§ **Action item**
Please restate the data exactly, from the first line to the last.

§ **Saved data entries**
/---
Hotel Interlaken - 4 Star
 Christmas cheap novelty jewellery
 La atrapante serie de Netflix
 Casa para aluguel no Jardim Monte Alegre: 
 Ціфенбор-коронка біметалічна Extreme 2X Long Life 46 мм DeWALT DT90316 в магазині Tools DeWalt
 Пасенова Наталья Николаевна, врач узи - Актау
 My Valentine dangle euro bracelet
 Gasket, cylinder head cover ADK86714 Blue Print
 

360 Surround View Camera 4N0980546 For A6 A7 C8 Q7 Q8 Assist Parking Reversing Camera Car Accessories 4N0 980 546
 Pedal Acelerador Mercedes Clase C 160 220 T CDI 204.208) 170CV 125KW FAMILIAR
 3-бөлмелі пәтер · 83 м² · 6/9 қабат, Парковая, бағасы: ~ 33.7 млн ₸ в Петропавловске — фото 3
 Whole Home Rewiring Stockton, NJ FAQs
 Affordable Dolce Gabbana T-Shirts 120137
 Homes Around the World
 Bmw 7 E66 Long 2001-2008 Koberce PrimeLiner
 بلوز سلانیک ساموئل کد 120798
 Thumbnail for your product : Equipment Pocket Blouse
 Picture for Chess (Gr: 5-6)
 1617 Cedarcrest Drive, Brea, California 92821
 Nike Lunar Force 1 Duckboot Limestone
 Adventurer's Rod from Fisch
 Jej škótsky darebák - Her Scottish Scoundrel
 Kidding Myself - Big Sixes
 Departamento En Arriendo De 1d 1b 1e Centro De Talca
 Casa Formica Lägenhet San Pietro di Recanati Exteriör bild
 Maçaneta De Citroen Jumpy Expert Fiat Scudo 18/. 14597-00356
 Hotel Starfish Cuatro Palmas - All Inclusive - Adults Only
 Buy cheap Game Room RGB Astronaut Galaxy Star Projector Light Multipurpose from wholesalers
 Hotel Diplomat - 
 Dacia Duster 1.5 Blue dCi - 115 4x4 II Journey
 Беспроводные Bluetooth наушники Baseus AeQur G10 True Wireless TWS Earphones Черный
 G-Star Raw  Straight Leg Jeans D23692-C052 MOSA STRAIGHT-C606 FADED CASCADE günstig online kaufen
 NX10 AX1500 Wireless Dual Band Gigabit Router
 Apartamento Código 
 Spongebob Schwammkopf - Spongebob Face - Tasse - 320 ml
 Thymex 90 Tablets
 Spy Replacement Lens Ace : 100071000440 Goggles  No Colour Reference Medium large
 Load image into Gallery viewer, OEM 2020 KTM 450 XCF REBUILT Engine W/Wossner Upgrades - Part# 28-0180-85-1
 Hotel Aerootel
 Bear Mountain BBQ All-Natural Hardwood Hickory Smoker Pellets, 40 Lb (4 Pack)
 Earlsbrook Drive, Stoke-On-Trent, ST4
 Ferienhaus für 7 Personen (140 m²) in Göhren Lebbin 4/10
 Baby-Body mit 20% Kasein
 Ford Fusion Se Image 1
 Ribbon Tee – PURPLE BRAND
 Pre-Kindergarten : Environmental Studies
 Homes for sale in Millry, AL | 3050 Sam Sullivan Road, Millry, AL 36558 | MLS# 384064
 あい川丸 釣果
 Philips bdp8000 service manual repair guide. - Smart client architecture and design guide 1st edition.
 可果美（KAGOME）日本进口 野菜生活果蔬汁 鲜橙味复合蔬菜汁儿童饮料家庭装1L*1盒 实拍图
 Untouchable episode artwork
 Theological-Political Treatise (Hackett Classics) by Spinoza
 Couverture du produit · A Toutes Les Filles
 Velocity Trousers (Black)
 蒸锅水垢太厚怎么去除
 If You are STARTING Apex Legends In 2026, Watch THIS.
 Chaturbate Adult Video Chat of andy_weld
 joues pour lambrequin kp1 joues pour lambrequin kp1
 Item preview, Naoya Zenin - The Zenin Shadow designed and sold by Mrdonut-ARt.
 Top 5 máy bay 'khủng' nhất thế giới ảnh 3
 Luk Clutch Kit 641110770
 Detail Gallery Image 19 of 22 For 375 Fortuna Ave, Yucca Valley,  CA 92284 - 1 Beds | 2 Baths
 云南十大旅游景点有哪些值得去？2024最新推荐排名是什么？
\---
§ **Answer section**
Hotel Interlaken - 4 Star
 Christmas cheap novelty jewellery
 La atrapante serie de Netflix
 Casa para aluguel no Jardim Monte Alegre: 
 Ціфенбор-коронка біметалічна Extreme 2X Long Life 46 мм DeWALT DT90316 в магазині Tools DeWalt
 Пасенова Наталья Николаевна, врач узи - Актау
 My Valentine dangle euro bracelet
 Gasket, cylinder head cover ADK86714 Blue Print
 

360 Surround View Camera 4N0980546 For A6 A7 C8 Q7 Q8 Assist Parking Reversing Camera Car Accessories 4N0 980 546
 Pedal Acelerador Mercedes Clase C 160 220 T CDI 204.208) 170CV 125KW FAMILIAR
 3-бөлмелі пәтер · 83 м² · 6/9 қабат, Парковая, бағасы: ~ 33.7 млн ₸ в Петропавловске — фото 3
 Whole Home Rewiring Stockton, NJ FAQs
 Affordable Dolce Gabbana T-Shirts 120137
 Homes Around the World
 Bmw 7 E66 Long 2001-2008 Koberce PrimeLiner
 بلوز سلانیک ساموئل کد 120798
 Thumbnail for your product : Equipment Pocket Blouse
 Picture for Chess (Gr: 5-6)
 1617 Cedarcrest Drive, Brea, California 92821
 Nike Lunar Force 1 Duckboot Limestone
 Adventurer's Rod from Fisch
 Jej škótsky darebák - Her Scottish Scoundrel
 Kidding Myself - Big Sixes
 Departamento En Arriendo De 1d 1b 1e Centro De Talca
 Casa Formica Lägenhet San Pietro di Recanati Exteriör bild
 Maçaneta De Citroen Jumpy Expert Fiat Scudo 18/. 14597-00356
 Hotel Starfish Cuatro Palmas - All Inclusive - Adults Only
 Buy cheap Game Room RGB Astronaut Galaxy Star Projector Light Multipurpose from wholesalers
 Hotel Diplomat - 
 Dacia Duster 1.5 Blue dCi - 115 4x4 II Journey
 Беспроводные Bluetooth наушники Baseus AeQur G10 True Wireless TWS Earphones Черный
 G-Star Raw  Straight Leg Jeans D23692-C052 MOSA STRAIGHT-C606 FADED CASCADE günstig online kaufen
 NX10 AX1500 Wireless Dual Band Gigabit Router
 Apartamento Código 
 Spongebob Schwammkopf - Spongebob Face - Tasse - 320 ml
 Thymex 90 Tablets
 Spy Replacement Lens Ace : 100071000440 Goggles  No Colour Reference Medium large
 Load image into Gallery viewer, OEM 2020 KTM 450 XCF REBUILT Engine W/Wossner Upgrades - Part# 28-0180-85-1
 Hotel Aerootel
 Bear Mountain BBQ All-Natural Hardwood Hickory Smoker Pellets, 40 Lb (4 Pack)
 Earlsbrook Drive, Stoke-On-Trent, ST4
 Ferienhaus für 7 Personen (140 m²) in Göhren Lebbin 4/10
 Baby-Body mit 20% Kasein
 Ford Fusion Se Image 1
 Ribbon Tee – PURPLE BRAND
 Pre-Kindergarten : Environmental Studies
 Homes for sale in Millry, AL | 3050 Sam Sullivan Road, Millry, AL 36558 | MLS# 384064
 あい川丸 釣果
 Philips bdp8000 service manual repair guide. - Smart client architecture and design guide 1st edition.
 可果美（KAGOME）日本进口 野菜生活果蔬汁 鲜橙味复合蔬菜汁儿童饮料家庭装1L*1盒 实拍图
 Untouchable episode artwork
 Theological-Political Treatise (Hackett Classics) by Spinoza
 Couverture du produit · A Toutes Les Filles
 Velocity Trousers (Black)
 蒸锅水垢太厚怎么去除
 If You are STARTING Apex Legends In 2026, Watch THIS.
 Chaturbate Adult Video Chat of andy_weld
 joues pour lambrequin kp1 joues pour lambrequin kp1
 Item preview, Naoya Zenin - The Zenin Shadow designed and sold by Mrdonut-ARt.
 Top 5 máy bay 'khủng' nhất thế giới ảnh 3
 Luk Clutch Kit 641110770
 Detail Gallery Image 19 of 22 For 375 Fortuna Ave, Yucca Valley,  CA 92284 - 1 Beds | 2 Baths
 云南十大旅游景点有哪些值得去？2024最新推荐排名是什么？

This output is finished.